In a 2012 article in USA Today, Eric Klinenberg, sociologist and researcher on singular living, said that more seniors living alone isn't necessarily cause for concern but rather a sign that "old age" is being redefined as people live longer, healthier lives. He further notes that men who live alone still don't do it as well as women, because women do a better job of maintaining relationships with friends and family members.
If we are feeling good, enjoying our lifestyle and home, and can afford to comfortably remain there, we should do so. At the same time, investigating options for the future is a good idea and can help us feel more secure and less concerned about what later years may bring.
The real problems arise if we do not have the support systems that will help us monitor how we are doing in a solo environment as we age there. For example: Are we still keeping our homes and yards clean and in good condition? Can we drive safely? Are we getting our regular doctors’ checkups? Are we bathing regularly and are our clothes clean? Is our mind sharp or is our forgetfulness damaging to our lifestyle? In other words, are we at risk and vulnerable or are we independent and functioning well?
The key is to find out how self-sufficient we can be along the aging continuum without risking our health and safety. If we determine that we need help, we have to ask for and accept it, then decide whether the assistance we receive is enough to sustain us in our current environment. If not, we may have to resort to a move -- a traumatic experience at the time -- but the result can be extremely beneficial for our future lifestyle.

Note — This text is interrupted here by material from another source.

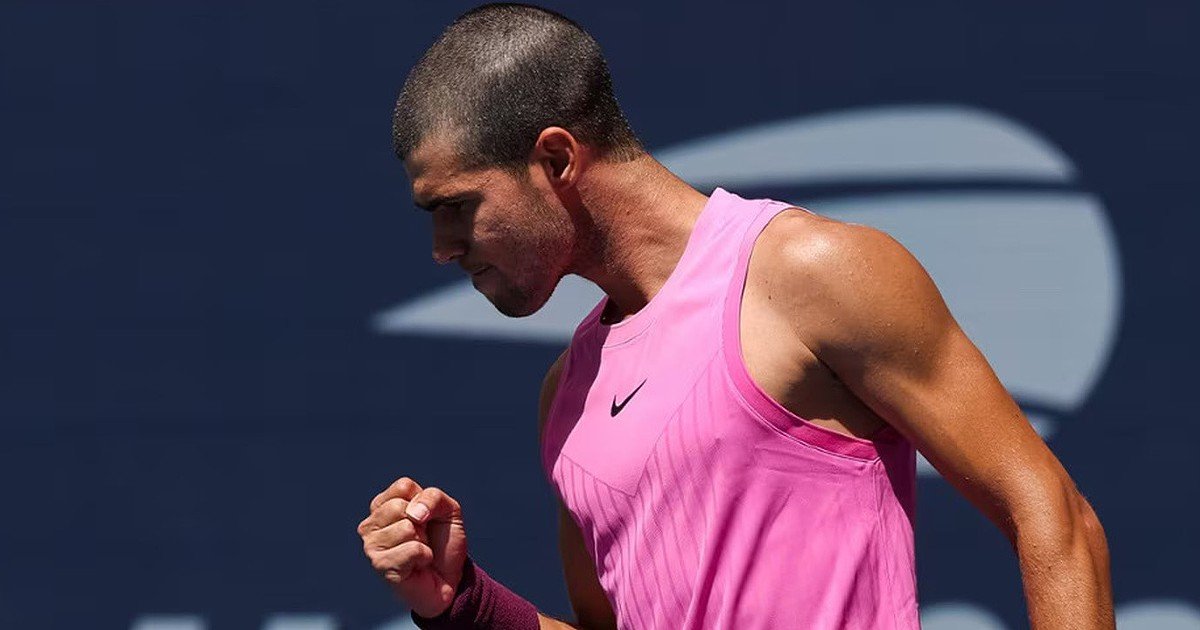 Finais do ATP: Alcaraz conquista 2ª vitória sobre Fritz. Musetti se recupera, vence De Minaur e permanece na corrida pelo avanço.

There are many options to living alone if we want to change our living status: sharing our home with a friend; living in a group house; moving in with an adult child or another relative (or the other way around); moving to an active senior retirement facility where graduated services exist as one ages. If wise choices are made, many older persons have called their moves, “A God-send,” and the changes have supported a greatly improved quality of life.